To strengthen its case, AMD also announced a new $6 billion buyback program. That brings its total authorization close to $10 billion. Buybacks give a direct boost to earnings per share and show that management believes the stock is undervalued. It also signals confidence that AMD can keep competing in a market where margins are thin and competition is intense.
At the same time, AMD faces challenges. Nvidia’s dominance means AMD must prove it can deliver chips that meet both performance and software standards. But the combination of analyst upgrades, rising demand, and buyback support gives the stock a clear narrative heading into 2026.

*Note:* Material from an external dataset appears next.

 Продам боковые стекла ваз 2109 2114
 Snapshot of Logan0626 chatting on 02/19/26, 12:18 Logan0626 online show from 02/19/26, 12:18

Broadcom Builds on Custom AI Chip Power
Broadcom is approaching the AI boom from another angle. Instead of competing head-on with Nvidia in GPUs, Broadcom has built a strong position in custom AI chips designed for large enterprises. These chips allow tech giants to fine-tune AI hardware for their own platforms, and Broadcom has built its market share in this space.
The market has noticed. Analysts have raised price targets and credited Broadcom’s exposure to this custom chip business as a key reason for its strength. While the stock trades at a higher valuation than AMD, investors are willing to pay a premium for Broadcom’s stability and predictable revenue streams.
There’s also momentum in networking hardware, which is becoming just as important as GPUs in scaling up AI systems. Broadcom’s ability to sell into multiple parts of the AI build-out, from chips to networking, makes it a central player in the infrastructure boom.
Analysts Weigh Growth and Risk
The two stocks offer very different profiles. AMD is seen as a faster-growing story. Wall Street expects earnings to jump nearly 40 percent in 2025 as its AI chips gain share. This upside comes with risk because the company is still fighting for market presence and faces constant pricing pressure.
Broadcom, by contrast, offers steadier growth but at a higher price. Its valuation is richer, reflecting the company’s established position in enterprise markets. Still, its focus on custom AI processors and networking gives it a moat that AMD does not yet have. Investors see it as a more defensive way to play AI without betting everything on GPU battles.
For investors, it comes down to appetite for risk and style. AMD may deliver faster returns if its AI chips gain adoption quickly. Broadcom may reward patience with steadier, more enterprise-driven growth. Either way, both names are now firmly part of the conversation about who will build the next layer of the AI economy.